Nigerian Faculty Members Threaten Strike Over Government Support for Higher Education
The Chronicle of Higher Education, Wednesday, July 26, 2000
By BURTON BOLLAG
Faculty members in Nigeria are threatening to strike to counter what they see as World Bank-sponsored moves by the government to reduce support for higher education. But government officials say that their plans have been misunderstood and that they are trying to bolster higher education.
On Friday, Tunde Adeniran, the federal minister of education, outlined the government's plans to the heads of most of the country's 41 public universities. If adopted by the legislature, the controversial package would end highly centralized state control and give institutions a large degree of autonomy.

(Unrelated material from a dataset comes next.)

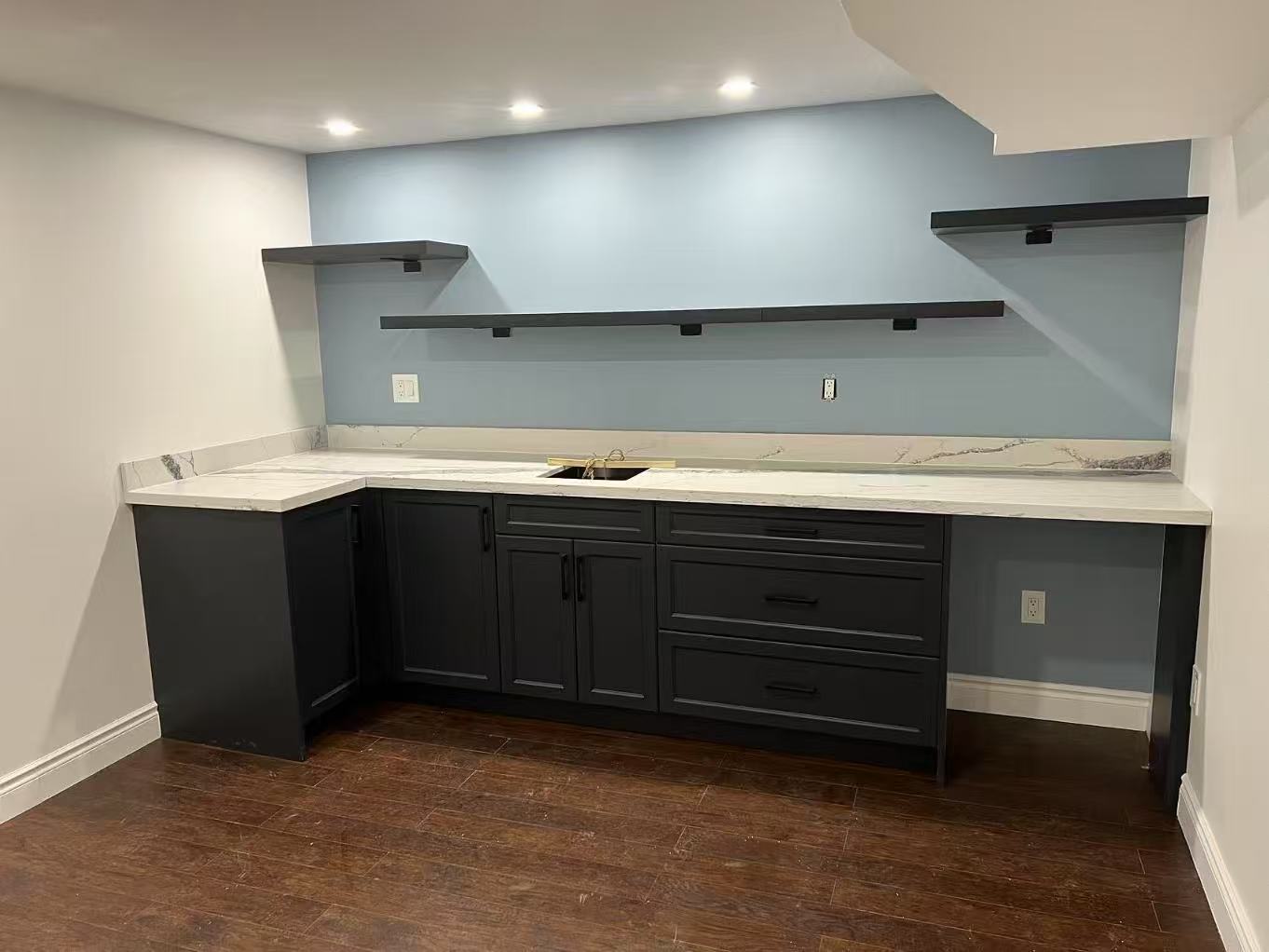 Compact basement kitchenette with dark Shaker cabinetry, countertop and open shelving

Critics, including the Academic Staff Union, are afraid the move is simply a cover to allow the state to reduce its financial support for higher education.
The minister, however, pledged that state support would increase. Responding to another major concern, he said the government would not introduce tuition payments for students until the economy and living standards improved and a student-loan system was put in place.
Faculty leaders boycotted the meeting, and Uye Ekpen Ogbeide, an official of the union, said the group was prepared to resist any moves by the government to "commercialize" the universities.
William Saint, the World Bank's principal education specialist for Africa, said of the autonomy proposal, "If carried though, I think it will be very significant." He added that the university system was outmoded and badly lacking in financial support, and "has been in crisis for over a decade."
Mr. Saint is in Nigeria to discuss possible World Bank assistance in higher-education reform. He said that -- contrary to an opinion commonly held by academics in Nigeria -- the bank was not involved in formulating the government's autonomy proposal.